The aim of this study is to determine whether the phonological status of L tones in Tłı̨chǫ makes them more perceptually salient to speakers of this language, despite the fact that H tones are said to be otherwise more acoustically salient. The study compares the tone processing of speakers of Tłı̨chǫ and French, a language with no tone distinctions. Though French does have syllables that are relatively more prominent than others, this prominence predictably falls on word-final syllables, and is cued by vowel duration and not F₀. In fact, Dupoux et al. (Reference Dupoux, Pallier, Sebastian and Mehler1997) show that when asked to distinguish between nonce words that are segmentally identical but have different stress patterns, French speakers are less successful than speakers of Spanish, a language with contrastive stress. In the same study, when asked to determine whether words are segmentally identical, even if they have different stress patterns, French speakers were able to ignore the stress cues while Spanish speakers were not. Furthermore, though French speakers are able to perceive differences in F₀ when listening for syllable stress, they do not rely on this F₀ cue to determine stress placement (Frost Reference Frost2011). Therefore, if French speakers show differential processing between H and L tones, this result must be due to the different acoustic properties of the tones and not due to a bias from any phonological patterning in French. Tłı̨chǫ speakers, on the other hand, may be influenced by the phonological prominence of L tones in their language when processing speech sounds.

If H tones are processed more easily than L tones by all speakers, this will be evidence for a phonetic effect on processing, such that the relative acoustic salience of H and L tones best predicts how they are processed. If, on the other hand, Tłı̨chǫ speakers process L tones more easily than H tones, this will support the notion that the effects of phonological salience can override the effects of acoustic salience in tone processing.

4. Phonetics & Phonology of Tłı̨chǫ Low Tones

This study examines the perception of tone by speakers of Tłı̨chǫ (ISO 639-3 dgr).Footnote ³ The language is considered endangered and is currently spoken by around 2,000 people located between Great Slave Lake and Great Bear Lake in Canada's Northwest Territories.Footnote ⁴ The community is currently engaged in language revitalization efforts, including language instruction for younger members of the community who are mostly monolingual in Canadian English (e.g., Tłı̨chǫ Community Services Agency 2005).

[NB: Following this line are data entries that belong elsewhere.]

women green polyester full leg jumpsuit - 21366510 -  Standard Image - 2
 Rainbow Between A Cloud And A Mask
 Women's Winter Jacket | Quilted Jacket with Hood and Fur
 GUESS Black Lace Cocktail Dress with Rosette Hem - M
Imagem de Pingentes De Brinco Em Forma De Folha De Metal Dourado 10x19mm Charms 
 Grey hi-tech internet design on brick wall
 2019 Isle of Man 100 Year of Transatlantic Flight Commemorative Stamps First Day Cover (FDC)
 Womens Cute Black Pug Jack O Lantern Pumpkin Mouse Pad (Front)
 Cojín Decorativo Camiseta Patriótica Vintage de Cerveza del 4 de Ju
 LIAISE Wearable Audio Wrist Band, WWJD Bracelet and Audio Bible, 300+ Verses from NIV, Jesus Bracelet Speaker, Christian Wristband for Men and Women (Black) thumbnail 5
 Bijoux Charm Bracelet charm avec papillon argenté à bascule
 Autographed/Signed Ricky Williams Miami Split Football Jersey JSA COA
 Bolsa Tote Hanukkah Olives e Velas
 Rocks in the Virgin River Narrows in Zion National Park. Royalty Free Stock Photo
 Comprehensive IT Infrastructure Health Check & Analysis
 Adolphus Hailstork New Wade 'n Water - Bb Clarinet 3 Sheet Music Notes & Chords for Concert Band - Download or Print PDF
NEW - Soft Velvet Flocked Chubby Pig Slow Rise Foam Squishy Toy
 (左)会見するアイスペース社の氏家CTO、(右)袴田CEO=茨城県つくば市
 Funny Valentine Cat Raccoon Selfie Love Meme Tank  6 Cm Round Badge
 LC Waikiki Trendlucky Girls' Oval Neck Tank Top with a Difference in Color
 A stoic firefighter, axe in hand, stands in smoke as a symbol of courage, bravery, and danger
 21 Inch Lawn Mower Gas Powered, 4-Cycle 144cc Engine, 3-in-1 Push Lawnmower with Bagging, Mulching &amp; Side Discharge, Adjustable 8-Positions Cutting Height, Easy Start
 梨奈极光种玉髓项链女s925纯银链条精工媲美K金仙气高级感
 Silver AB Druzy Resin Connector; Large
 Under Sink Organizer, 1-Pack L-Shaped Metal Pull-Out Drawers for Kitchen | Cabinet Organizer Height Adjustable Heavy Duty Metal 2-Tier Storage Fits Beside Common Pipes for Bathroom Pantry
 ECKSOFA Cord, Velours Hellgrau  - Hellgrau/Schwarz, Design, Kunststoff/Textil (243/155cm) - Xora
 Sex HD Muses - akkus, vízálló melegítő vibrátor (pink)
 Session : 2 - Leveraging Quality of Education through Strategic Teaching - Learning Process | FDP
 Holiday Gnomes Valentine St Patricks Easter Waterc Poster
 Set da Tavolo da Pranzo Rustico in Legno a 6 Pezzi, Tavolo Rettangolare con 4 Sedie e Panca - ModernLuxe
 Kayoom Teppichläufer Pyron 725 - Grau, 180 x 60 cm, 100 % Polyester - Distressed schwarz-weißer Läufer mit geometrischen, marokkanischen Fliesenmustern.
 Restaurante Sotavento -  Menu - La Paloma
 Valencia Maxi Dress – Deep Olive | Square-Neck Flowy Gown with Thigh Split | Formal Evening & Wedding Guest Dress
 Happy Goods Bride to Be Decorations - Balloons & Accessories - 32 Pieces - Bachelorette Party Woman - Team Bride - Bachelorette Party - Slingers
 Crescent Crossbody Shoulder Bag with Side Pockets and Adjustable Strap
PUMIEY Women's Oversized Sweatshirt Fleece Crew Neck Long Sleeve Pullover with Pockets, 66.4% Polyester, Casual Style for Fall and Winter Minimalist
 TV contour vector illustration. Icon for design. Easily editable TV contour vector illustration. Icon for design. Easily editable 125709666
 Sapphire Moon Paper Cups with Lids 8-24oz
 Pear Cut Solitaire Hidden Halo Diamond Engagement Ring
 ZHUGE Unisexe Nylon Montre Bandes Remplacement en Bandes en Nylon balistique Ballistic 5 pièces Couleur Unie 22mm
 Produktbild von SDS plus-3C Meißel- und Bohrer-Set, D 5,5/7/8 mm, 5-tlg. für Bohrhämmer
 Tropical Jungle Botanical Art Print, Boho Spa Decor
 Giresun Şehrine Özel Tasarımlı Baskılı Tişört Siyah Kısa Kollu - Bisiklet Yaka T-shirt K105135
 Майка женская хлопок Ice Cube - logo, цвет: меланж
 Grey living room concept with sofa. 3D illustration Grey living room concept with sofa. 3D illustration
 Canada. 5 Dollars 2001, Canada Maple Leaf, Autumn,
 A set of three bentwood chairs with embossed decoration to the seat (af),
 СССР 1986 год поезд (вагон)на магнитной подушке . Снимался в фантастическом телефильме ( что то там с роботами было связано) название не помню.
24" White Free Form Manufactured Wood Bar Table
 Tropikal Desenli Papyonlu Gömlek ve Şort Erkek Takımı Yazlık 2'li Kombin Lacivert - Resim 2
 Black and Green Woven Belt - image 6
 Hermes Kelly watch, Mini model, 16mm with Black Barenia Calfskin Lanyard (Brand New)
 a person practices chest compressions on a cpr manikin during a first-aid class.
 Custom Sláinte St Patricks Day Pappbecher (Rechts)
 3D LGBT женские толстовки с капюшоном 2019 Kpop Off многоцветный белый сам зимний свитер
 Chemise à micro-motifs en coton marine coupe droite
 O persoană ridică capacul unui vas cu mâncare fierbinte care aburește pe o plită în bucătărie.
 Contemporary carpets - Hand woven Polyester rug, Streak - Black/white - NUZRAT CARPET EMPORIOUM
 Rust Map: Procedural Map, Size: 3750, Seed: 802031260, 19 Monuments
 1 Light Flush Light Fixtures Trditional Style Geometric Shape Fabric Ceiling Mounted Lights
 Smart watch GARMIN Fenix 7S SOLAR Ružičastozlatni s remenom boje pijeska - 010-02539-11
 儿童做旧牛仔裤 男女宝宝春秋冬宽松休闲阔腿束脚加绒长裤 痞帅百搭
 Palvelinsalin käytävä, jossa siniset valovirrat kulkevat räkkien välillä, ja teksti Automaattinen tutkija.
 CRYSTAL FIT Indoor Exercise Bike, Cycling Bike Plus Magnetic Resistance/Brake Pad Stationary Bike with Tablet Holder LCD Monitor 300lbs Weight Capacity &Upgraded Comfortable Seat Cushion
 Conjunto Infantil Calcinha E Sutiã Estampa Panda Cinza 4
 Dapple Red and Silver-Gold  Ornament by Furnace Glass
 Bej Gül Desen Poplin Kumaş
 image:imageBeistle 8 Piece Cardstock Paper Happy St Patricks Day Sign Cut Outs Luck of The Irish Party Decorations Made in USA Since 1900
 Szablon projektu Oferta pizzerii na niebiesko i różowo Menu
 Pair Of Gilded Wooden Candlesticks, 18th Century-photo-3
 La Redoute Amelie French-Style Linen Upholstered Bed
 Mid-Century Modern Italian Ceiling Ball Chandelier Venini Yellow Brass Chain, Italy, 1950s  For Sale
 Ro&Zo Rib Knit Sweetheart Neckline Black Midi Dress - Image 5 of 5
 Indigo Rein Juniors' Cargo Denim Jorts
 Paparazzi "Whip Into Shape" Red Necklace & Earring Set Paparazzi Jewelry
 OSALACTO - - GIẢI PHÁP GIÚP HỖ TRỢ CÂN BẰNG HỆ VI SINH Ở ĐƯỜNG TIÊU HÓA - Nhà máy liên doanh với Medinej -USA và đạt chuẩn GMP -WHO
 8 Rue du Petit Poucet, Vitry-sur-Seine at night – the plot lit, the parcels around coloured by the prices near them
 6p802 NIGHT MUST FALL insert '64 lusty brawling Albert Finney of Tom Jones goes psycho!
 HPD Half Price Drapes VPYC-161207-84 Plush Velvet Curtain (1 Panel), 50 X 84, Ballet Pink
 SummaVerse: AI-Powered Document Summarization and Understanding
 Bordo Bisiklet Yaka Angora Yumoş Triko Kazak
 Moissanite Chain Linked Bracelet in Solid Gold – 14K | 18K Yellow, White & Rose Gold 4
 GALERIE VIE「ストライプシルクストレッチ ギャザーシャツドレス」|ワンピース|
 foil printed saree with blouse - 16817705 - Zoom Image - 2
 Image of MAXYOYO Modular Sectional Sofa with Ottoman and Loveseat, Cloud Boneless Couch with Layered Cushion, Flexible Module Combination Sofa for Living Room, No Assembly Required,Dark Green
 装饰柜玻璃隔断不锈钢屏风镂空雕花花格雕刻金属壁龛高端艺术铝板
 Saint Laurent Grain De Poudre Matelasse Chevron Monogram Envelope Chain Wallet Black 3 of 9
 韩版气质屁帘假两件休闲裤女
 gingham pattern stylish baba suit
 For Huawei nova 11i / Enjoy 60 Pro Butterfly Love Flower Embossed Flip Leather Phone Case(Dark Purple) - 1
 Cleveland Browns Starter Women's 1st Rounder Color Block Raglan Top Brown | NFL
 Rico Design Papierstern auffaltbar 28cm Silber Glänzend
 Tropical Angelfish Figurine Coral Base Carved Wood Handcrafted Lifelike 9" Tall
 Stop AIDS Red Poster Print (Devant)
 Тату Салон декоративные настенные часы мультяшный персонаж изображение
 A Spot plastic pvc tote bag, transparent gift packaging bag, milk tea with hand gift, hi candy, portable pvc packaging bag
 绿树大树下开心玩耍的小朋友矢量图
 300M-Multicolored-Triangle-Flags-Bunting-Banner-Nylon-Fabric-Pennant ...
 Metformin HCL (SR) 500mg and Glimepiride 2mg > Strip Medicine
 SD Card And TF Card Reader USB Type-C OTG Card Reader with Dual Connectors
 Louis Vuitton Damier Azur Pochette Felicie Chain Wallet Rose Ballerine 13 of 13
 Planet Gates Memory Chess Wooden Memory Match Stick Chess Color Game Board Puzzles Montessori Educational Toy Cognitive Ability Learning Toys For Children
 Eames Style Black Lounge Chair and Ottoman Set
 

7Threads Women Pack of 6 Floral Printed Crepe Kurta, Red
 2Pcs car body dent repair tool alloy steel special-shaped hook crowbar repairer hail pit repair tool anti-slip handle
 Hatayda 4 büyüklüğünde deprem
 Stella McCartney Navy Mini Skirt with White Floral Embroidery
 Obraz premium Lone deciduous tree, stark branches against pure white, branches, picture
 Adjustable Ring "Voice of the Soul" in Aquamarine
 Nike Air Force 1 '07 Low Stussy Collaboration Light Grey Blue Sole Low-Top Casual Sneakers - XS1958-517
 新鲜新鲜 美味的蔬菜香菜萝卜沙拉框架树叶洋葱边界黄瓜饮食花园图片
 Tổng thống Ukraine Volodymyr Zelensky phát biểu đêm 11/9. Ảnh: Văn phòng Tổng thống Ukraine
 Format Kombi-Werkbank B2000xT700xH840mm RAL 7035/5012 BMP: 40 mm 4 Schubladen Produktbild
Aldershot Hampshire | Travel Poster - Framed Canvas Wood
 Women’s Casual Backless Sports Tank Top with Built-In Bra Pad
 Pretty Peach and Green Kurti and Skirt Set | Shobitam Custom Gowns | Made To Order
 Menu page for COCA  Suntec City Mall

The experiment carried out here, which examines the perception of high versus low tones, relies on two assumptions about the tonal system in Tłı̨chǫ. The first assumption is that F₀ is an acoustic correlate to tone in this language. The predictions about acoustic salience of tone are only relevant if it is in fact F₀ that is the main correlate to this contrast. The second assumption is that Tłı̨chǫ is in fact phonologically L-marked, as suggested in the typological literature (e.g., Hyman Reference Hyman2001) as well as in the literature on the phonology and morphosyntax of Dene languages (e.g., Saxon Reference Saxon1979; Krauss Reference Krauss, Hargus and Rice2005; Jaker Reference Jaker2012). The predictions about the relative phonological prominence of Tłı̨chǫ tones only hold if L tones in this language are in fact active and H tones surface by default on phonologically toneless syllables. This section provides phonetic (§4.1) and phonological (§4.2) evidence from Tłı̨chǫ, with the goal of motivating these two major assumptions.

4.1 Phonetics of Tłı̨chǫ Tone

Though tone in Tłı̨chǫ is often discussed in descriptive and analytical work on the language, no existing literature has examined the phonetic implementation of tone in Tłı̨chǫ. Since it is well-documented that there may be cues to phonological tone other than F₀ (e.g., Morén and Zsiga Reference Morén and Zsiga2006; Yu and Lam Reference Yu and Lam2014), it is important to confirm that F₀ does in fact correlate with the linguistic tone heights in Tłı̨chǫ. To this end, this section examines the acoustics of pitch in Tłı̨chǫ speech, confirming that F₀ is a reliable cue to tone in this language.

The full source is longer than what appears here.